The oilseed and oilseed product exports forecast was raised to $31.7 billion in fiscal 2017, up $100 million from the February forecast, mainly due to increased soybean products trade. The soybean export value is expected to be unchanged at $22.6 billion, while soybean meal and soybean oil are expected to see gains in export value.

“The generally stronger Brazilian real and Argentine peso so far this year has supported U.S. competitiveness in the soybean and products markets,” USDA said. However, Brazilian soybean exports are ahead of last year’s pace due to increased sales to China.

USDA also increased its forecast for U.S. wheat exports to $6.2 billion on larger volumes despite lower unit values.

“Volume is up based on strong exports in recent months, particularly to Mexico. Unit value is down slightly on weaker new-crop prices. The size of the upcoming U.S. wheat crop is still forecast to be smaller than last year’s, but abundant carryin supplies in the United States and other exporting countries are expected to restrain prices.”

USDA increased the livestock, poultry, and dairy exports forecast by $600 million to $28.7 billion, almost entirely due to higher anticipated shipments of red meat and products.

Beef exports were raised $200 million to $6.0 billion and pork exports were raised $400 million to $5.4 billion, which USDA said was due to growth in export volumes to several countries in Asia and Mexico.

Variety meat exports were forecast $100 million higher to $1.9 billion due to a surge in shipments to Hong Kong and China, USDA said.

“Lard, tallow, and grease shipments continue to benefit from robust global demand, driving volumes higher.”

USDA added that greater volumes of live animal shipments are expected.

U.S. exports of poultry and poultry products were forecast $100 million lower to $4.7 billion, which USDA said resulted from lower unit values for broiler meat.
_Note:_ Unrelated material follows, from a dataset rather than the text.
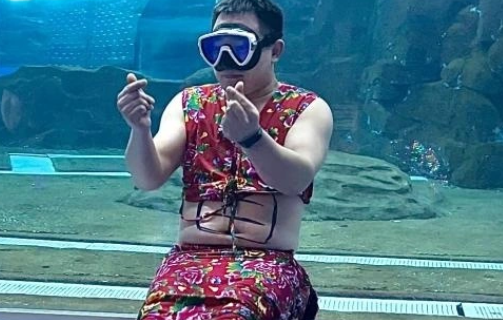 2男子穿东北大花袄演美人鱼走红 网友纷纷被惊呆了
On the dairy side, USDA said that while dairy exports have been growing in volume, the dairy export forecast was lowered slightly by $100 million this month to $5.4 billion as forecasted prices for such key commodities as nonfat dry milk and cheese have been reduced.

Global picture

World per capita GDP growth is expected to reach 1.6% in 2017, compared with 1.2% in 2016. USDA said this increase reflects a broad-based upswing in the world economy across both developed and developing countries. Growth in global trade volume, which was 1.8% in 2016, is expected to rebound to 5% in 2017. Year-to-year trade growth of 5% in February was the fastest since 2011, USDA noted.

The dollar has begun to weaken, after a 4% increase between October 2016 and January 2017. USDA said it is expected to trend weaker by almost 2% in 2017, but will remain strong relative to the period before the dollar’s dramatic strengthening at the end of 2015.

“The weaker dollar reflects improvements in the economic outlook of key U.S. trading partners and reduced expectations for fiscal stimulus in the United States,” USDA added.

In addition to the GDP growth and the weakening dollar, USDA said oil prices are also expected to remain stable in 2017.